Data items:
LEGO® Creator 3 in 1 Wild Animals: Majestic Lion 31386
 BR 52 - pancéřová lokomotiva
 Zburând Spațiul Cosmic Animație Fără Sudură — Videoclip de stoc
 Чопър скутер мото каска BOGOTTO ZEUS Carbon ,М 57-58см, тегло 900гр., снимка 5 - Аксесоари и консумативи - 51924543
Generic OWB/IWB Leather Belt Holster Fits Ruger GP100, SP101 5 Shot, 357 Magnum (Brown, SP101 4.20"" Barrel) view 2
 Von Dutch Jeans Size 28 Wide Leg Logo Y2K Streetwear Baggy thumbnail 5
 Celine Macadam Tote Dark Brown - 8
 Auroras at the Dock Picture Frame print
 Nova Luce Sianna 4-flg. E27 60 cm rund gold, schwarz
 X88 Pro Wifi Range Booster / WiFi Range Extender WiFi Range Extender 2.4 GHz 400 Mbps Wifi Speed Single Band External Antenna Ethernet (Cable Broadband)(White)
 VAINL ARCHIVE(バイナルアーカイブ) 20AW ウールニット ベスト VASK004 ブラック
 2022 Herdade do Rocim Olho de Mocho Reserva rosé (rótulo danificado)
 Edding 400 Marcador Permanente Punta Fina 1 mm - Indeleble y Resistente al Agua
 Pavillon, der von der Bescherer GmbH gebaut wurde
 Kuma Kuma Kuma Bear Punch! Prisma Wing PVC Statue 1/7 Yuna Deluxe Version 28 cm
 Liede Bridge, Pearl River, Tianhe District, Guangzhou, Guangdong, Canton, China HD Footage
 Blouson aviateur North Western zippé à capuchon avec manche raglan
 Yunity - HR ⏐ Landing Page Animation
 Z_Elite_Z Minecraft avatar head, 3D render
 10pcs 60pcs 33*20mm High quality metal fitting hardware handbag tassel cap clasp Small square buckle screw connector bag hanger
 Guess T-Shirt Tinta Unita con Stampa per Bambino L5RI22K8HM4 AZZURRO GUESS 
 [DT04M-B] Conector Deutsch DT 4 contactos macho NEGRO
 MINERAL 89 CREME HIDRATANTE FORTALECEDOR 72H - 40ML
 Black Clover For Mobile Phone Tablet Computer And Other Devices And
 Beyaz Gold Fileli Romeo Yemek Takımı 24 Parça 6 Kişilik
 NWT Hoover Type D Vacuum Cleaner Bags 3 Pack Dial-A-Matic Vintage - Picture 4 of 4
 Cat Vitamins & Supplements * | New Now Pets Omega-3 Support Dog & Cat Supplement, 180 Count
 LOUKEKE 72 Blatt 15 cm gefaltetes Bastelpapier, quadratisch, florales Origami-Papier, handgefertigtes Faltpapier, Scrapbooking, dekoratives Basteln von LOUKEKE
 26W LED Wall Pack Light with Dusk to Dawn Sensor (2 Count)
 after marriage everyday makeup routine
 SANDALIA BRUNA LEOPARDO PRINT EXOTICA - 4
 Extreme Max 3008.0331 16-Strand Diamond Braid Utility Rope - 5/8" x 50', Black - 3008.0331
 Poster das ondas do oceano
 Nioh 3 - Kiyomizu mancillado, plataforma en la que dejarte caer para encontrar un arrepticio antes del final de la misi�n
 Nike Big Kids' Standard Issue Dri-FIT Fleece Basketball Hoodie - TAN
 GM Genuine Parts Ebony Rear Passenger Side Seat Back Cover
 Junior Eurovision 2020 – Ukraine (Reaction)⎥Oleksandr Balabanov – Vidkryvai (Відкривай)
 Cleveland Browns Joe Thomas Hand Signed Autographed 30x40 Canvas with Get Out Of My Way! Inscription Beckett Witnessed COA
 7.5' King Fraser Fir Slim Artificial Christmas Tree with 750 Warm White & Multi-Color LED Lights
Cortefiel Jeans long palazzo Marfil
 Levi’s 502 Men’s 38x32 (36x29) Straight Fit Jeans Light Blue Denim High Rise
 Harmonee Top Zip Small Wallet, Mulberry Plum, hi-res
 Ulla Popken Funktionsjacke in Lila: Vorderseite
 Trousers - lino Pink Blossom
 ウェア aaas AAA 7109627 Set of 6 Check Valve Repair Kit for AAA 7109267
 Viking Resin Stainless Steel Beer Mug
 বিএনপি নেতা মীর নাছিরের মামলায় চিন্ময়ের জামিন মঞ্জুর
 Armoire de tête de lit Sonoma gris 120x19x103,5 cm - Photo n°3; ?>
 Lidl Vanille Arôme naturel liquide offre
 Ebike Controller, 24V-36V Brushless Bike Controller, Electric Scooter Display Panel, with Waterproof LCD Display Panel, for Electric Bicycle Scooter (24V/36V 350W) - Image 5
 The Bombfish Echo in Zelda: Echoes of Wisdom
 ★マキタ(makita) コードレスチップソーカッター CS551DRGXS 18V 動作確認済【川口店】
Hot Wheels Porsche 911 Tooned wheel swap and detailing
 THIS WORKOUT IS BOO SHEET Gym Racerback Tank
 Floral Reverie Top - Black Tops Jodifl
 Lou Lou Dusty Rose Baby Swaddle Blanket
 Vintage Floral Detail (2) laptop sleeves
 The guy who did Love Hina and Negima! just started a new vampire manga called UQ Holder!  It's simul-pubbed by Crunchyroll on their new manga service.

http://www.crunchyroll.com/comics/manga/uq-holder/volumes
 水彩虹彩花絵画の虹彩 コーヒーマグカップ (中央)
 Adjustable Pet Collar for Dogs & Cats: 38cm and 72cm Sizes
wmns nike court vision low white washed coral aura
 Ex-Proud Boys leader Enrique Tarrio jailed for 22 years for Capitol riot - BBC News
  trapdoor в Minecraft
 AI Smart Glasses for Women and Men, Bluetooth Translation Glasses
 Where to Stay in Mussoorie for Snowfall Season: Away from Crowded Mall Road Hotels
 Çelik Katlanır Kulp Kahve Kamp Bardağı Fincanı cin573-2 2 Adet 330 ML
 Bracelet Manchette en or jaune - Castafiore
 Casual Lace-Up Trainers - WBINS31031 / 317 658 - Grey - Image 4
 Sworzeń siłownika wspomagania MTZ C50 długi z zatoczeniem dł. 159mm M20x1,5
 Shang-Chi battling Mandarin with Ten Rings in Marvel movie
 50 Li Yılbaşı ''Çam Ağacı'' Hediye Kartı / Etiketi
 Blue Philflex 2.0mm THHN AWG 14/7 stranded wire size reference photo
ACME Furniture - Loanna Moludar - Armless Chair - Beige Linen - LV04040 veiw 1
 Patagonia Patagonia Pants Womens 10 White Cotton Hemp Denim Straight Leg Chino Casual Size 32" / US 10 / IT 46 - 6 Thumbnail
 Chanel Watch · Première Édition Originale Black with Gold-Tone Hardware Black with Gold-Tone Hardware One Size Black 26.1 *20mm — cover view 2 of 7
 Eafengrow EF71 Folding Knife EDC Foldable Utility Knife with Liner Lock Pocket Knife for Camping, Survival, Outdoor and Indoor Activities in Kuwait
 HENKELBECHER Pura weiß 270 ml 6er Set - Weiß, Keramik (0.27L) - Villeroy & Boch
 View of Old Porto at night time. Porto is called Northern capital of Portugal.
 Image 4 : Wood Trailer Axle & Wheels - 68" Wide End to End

:: Exercise description ::
Take the entries above and return only the lines from the one with "Cortefiel Jeans long palazzo Marfil" to the one with "水彩虹彩花絵画の虹彩 コーヒーマグカップ (中央)", both included, unchanged.

:: Response ::
Cortefiel Jeans long palazzo Marfil
 Levi’s 502 Men’s 38x32 (36x29) Straight Fit Jeans Light Blue Denim High Rise
 Harmonee Top Zip Small Wallet, Mulberry Plum, hi-res
 Ulla Popken Funktionsjacke in Lila: Vorderseite
 Trousers - lino Pink Blossom
 ウェア aaas AAA 7109627 Set of 6 Check Valve Repair Kit for AAA 7109267
 Viking Resin Stainless Steel Beer Mug
 বিএনপি নেতা মীর নাছিরের মামলায় চিন্ময়ের জামিন মঞ্জুর
 Armoire de tête de lit Sonoma gris 120x19x103,5 cm - Photo n°3; ?>
 Lidl Vanille Arôme naturel liquide offre
 Ebike Controller, 24V-36V Brushless Bike Controller, Electric Scooter Display Panel, with Waterproof LCD Display Panel, for Electric Bicycle Scooter (24V/36V 350W) - Image 5
 The Bombfish Echo in Zelda: Echoes of Wisdom
 ★マキタ(makita) コードレスチップソーカッター CS551DRGXS 18V 動作確認済【川口店】
Hot Wheels Porsche 911 Tooned wheel swap and detailing
 THIS WORKOUT IS BOO SHEET Gym Racerback Tank
 Floral Reverie Top - Black Tops Jodifl
 Lou Lou Dusty Rose Baby Swaddle Blanket
 Vintage Floral Detail (2) laptop sleeves
 The guy who did Love Hina and Negima! just started a new vampire manga called UQ Holder!  It's simul-pubbed by Crunchyroll on their new manga service.

http://www.crunchyroll.com/comics/manga/uq-holder/volumes
 水彩虹彩花絵画の虹彩 コーヒーマグカップ (中央)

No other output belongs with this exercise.